Caleb doesn’t eat breakfast until he gets to daycare, but often he wakes up ravenously hungry.  I wouldn’t ask myself to wait an hour and a half to eat, and I won’t ask that of my kiddo either, so he usually gets a banana or a smoothie on the way out the door.  Often he receives his snack before we head out the door and finishes it in the car on the way to daycare because our mornings just…are.  That leads to a moment of stress when I am fastening him into the five-point harness and his arm simply won’t fit through with a whole banana firmly in his grip.  “Let me have the banana for a minute, honey.” 
                “NOOOOOOOOOOOO!  It is MY banana!  You. Can’t. Have. My. Banana!”  Caleb can scream like no other; I should send an apology note to the neighbors.  I would not want to wake up to that. 
                “Honey, I’m not taking your banana.  I’m holding it so that I can buckle you safely into your seat, so that you can relax and enjoy it while we drive to school.”  And literally, I pry it out of his grubby hands for thirty seconds, snap the straps into place, and hand it back to my fuming child.  Thirty seconds in exchange for a safe drive.  It is nothing, really.  Except to him, it was a whole lot.
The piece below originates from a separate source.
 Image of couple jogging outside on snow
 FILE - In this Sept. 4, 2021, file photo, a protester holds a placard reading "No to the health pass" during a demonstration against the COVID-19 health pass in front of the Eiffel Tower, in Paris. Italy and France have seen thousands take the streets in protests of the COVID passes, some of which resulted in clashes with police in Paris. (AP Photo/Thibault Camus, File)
                I’ve mentioned before how much I learn about my heavenly Father as I parent these children of mine.  This is no exception.  In his infinite wisdom, He can certainly ask me to hand something over, either for a minute or a lifetime, because it is good for me.  And when he does, my flesh will scream and holler because it, like Caleb’s tummy, is hungry, desperate.  Unless I cling to God’s promises that He is good, I will think that He isn’t.  And even though His reasons are good, that doesn’t eliminate the hunger.
                I feel myself in Caleb’s spot now: my heart hungers to be home with my kids.  My heart worries constantly about our finances.  My body and spirit are oh, so tired.  These are real things; God does not ask us to deny our truth, and that is mine.  I don’t know or understand what he’s doing…why He seems so slow.  I don’t understand why provision hasn’t come.  Why my tires should have been replaced three months ago and I still can’t afford it.  Why we just can’t get a break.  I don’t understand, but He is holding all of this in His hands and I have to trust that He’ll hand it back when He is ready.  When the time is right. 

                And so these are my prayers for today:  that God will teach my children to have a heart for others, that He will protect their innocence and protect their health, that He will show himself to me in ways that I cannot deny or write off to coincidence, that He will use me and give me the words He wants spoken.  I pray that He sees me as faithful, and that it delights Him.